Hi, Could you please explain where exactly does wireshark captures incoming packets? Is it above device driver? Or, in between device driver and network interface? thanks, asked 14 Jul '13, 09:19 adityaholla |
One Answer:
Basically the capturing framework is placed between the NIC driver and higher layer protocols in the kernel (e.g. TCP/IP). For a general overview of the libpcap architecture, please read this:
For WinPcap (the capturing framework of Wireshark on Windows), please see WinPcap FAQ Q-26 and the architecture overview paper of WinPcap.
Regards answered 14 Jul '13, 09:35 Kurt Knochner ♦ edited 14 Jul '13, 10:11 showing 5 of 6 show 1 more comments |
Thanks much Kurt.
Is it true for outgoing packets also? Because, wireshark even gives ethernet header(this header is added by device driver), right?
I'll go thru given pdf.
Thanks much!
For outgoing packets, the driver, in an OS-dependent fashion, arranges that the packet be handed to the capture mechanism at about the same time that it's handed to the hardware to transmit.
Usually in an operating system the NIC driver is only responsible for direct hardware access (receiving and transmitting of network frames, generating interrupts etc.). If the OS wants to send a frame, it (actually a higher level driver) will create the ethernet frame and pass that to the hardware NIC driver in order to send it. Due to this architecture it is possible to intercept outgoing frames before they are sent, as the capture driver is placed 'somewhere' between the NIC driver (hardware) and the upper layer drivers (ethernet, ip, tcp, etc.).
Systems with BPF (*BSD, OS X, possibly AIX and Solaris 11 but I don't have access to the source): the capture mechanism (BPF) is called by the driver.
Linux: drivers end up calling OS kernel routines such as
dev_hard_start_xmit()
for transmitting packets andnetif_receive_skb()
for received packets, passing them the entire packet, complete with a link-layer header (except when it doesn't...), and those routines hand packets to all PF_PACKET sockets.Other UN*Xes: I don't have access to the source, and so can't check.
Windows: the WinPcap capture mechanism's driver uses the Windows NDIS mechanism, which supplies received packets to a "protocol" (which is what the driver registers itself as) and can also supply transmitted packets if requested to do so (WinPcap requests it to do so). For received packets, the driver hands packets to NDIS to then supply to protocols; I'm not sure where transmitted packets are handled.
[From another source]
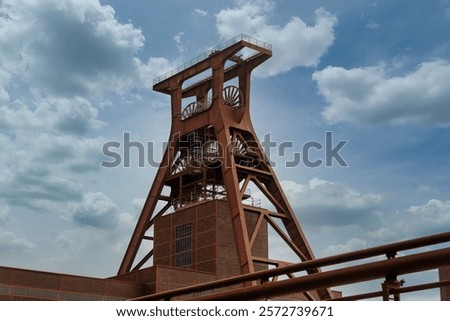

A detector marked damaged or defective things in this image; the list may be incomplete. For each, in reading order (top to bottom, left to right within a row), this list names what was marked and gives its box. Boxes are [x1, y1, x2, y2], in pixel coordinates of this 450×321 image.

rusty steel beam [129, 230, 450, 300]
rusty steel beam [189, 245, 450, 300]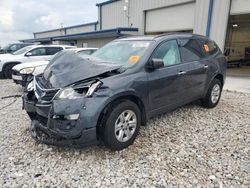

OK, Guy, so would you suggest to me scenarios under which dev_hard_start_xmit() sends a packet to a PF_PACKET socket (because, say, dumpcap is running) ... but does not send the packet to the hardware?
I'm facing a case where I can see the DNS lookup on the wire, the ARP exchange on the wire (the receiver is subnet-local) ... but not the TCP SYN. Whereas, the pcap gathered from the host itself sees the DNS exchange, the ARP exchange, and the TCP SYN
client ------- switch -------- {network} ------- server
dumpcap running on the client and a sniffer plugged into a mirror port on the switch
Linux 3.8.0-34-generic #49 precise (Ubuntu 12.04.03 LTS)
Does IPTables twink with dev_hard_start_xmit's behavior? [Not enabled in my case, but I'm wanting to understand the entire space, not just solve my particular issue.]
--sk
good question.
I did a quick test. If you drop frames in the OUTPUT chain, Wireshark will not see them, so iptables handles the packet before the kernel gets a chance to send a copy to dumpcap.
So, here are some possible explanations that might cause your TCP traffic to appear in Wireshark on the client, but not on the wire. Some of these ideas might sound weird, but that's what I have seen in the wild several times ;-) People configure something and then forget about the fact and then wonder why certain things don't work :-)
There might be other reasons, but without a deeper insight in your environment it's hard to figure out what's going on.